RELATIONSHIP WITH CITY COUNCIL: Buscher said she would work to mend relations with, and communication between, the mayor’s office and the 10 alderpersons when it comes to matters in front of the council. The mayor casts a potentially tie-breaking 11th vote on the council.

Council members “seem to go on a fact-finding mission on most Tuesday nights,” Buscher said. “We need to communicate as an administration what’s on the agenda, why it’s on the agenda, and answer their questions. … I want our aldermen to be empowered to do their job. They are the people who touch our citizens every day.”

Langfelder said he has a “good relationship” with the council that has benefited the city, though he said during the forum that the council blocked some initiatives he favored.

He alluded to a report from Business Insider, a New York-based business and financial news website, that in 2020 proclaimed Springfield the best city in America to live after the COVID-19 pandemic. “We’ve done that by keeping the council together, as well as our community, during these very challenging and difficult times for all of us,” Langfelder said.

“Direct communication” with the mayor’s office is always available to council members, he said. He added that his deputy mayor calls each council member every week about upcoming agenda items, and there’s a council coordinator who can assist members as well.

WYNDHAM CITY CENTRE: A proposal by New York-based real estate developer David Mitchell to convert and renovate the aging hotel, a downtown landmark, into market-rate apartments, hotel rooms and convention space has been stalled by three council votes denying Mitchell’s zoning variance requests to create more than the 200 apartment units allowed under current zoning.

Langfelder has been frustrated by council opposition to Mitchell’s plans for a $40 million acquisition and renovation of the 30-floor hotel. The mayor said at the debate he would like to see 225 to 250 hotel rooms remain. Mitchell’s latest offer to the city would preserve 125 hotel rooms for convention-related and other clients and create 274 market-rate apartments. The mayor previously proposed Mitchell maintain up to 150 apartments, an option the council shot down.

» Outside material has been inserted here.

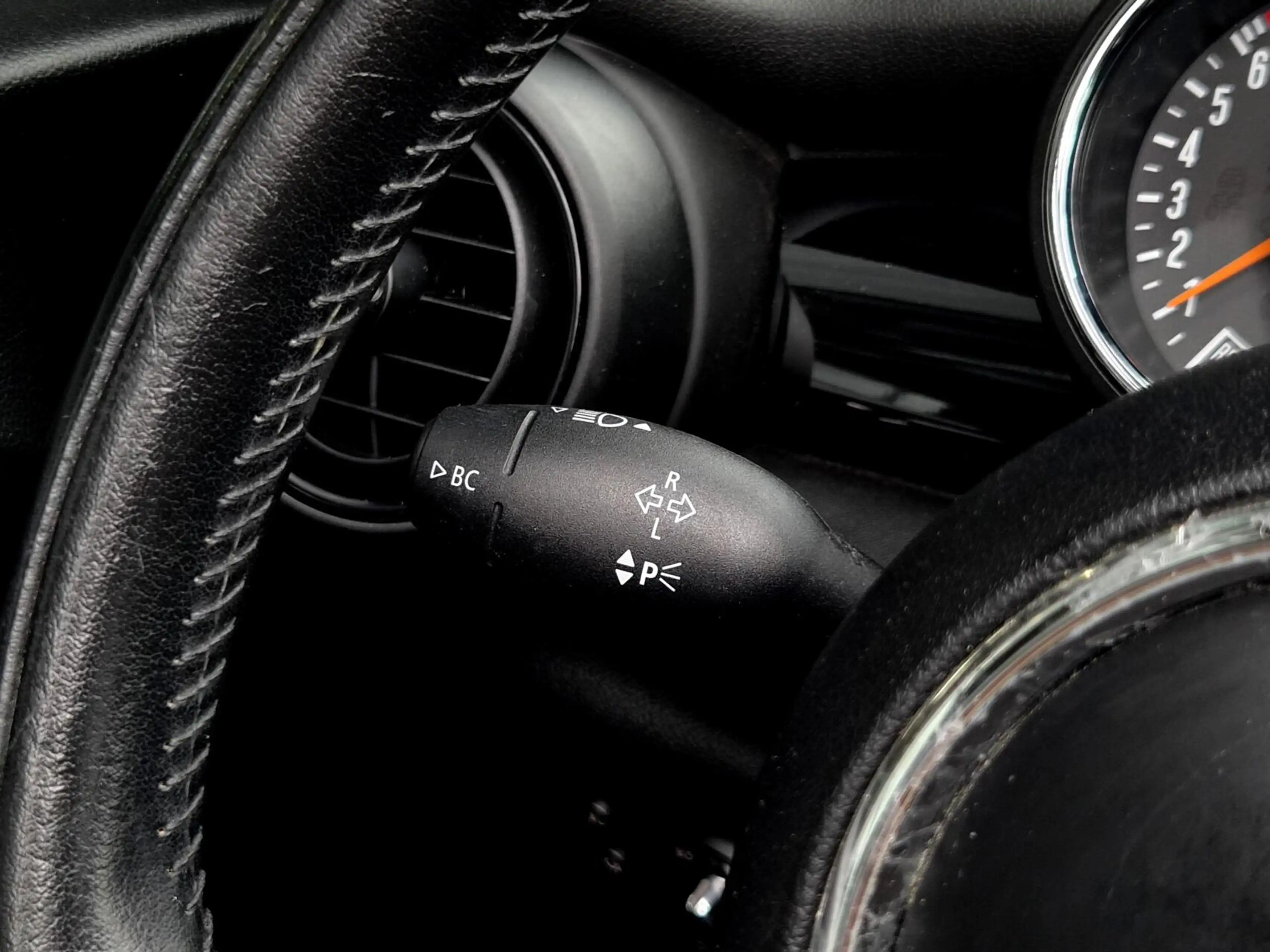 MINI Cooper Cabrio 1.5 Chili Automaat |Leer|Navi|Clima|Cruise — photo 31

Buscher said there are some apartments already in the Wyndham, and she doesn’t want to see any more at the site. Downtown vendors worry that a decrease in hotel rooms for conventions downtown would reduce their customer base more than any increased consumer spending from new apartment dwellers, she said.

RELATIONSHIP WITH LABOR UNIONS: Langfelder said union leaders aren’t supporting him this election cycle, which is surprising to many rank-and-file members. But he said he has a good relationship with unions and supports project labor agreements on city-funded projects.

Buscher received more than $25,000 in campaign contributions from labor unions in the fourth quarter of 2022, including from Laborers Local 477 and unions representing iron workers, plumbers and sheet-metal workers. “My relationship with unions is, I’m a woman of my word, and the unions know I’m a woman of my word,” she said.

She said the city hasn’t done a good enough job enforcing project labor agreements and prevailing-wage rules. “Labor knows that I will enforce the rules we have on the books, and that’s all they’re asking for,” she said.

SECOND WATER SOURCE: Langfelder said he supports developing an additional lake as a water source for the city to supplement Lake Springfield, the city’s primary drinking-water supply, during severe droughts. An environmental-impact evaluation of the proposed Hunter Lake proposal is expected later in 2023 by the U.S. Army Corps of Engineers.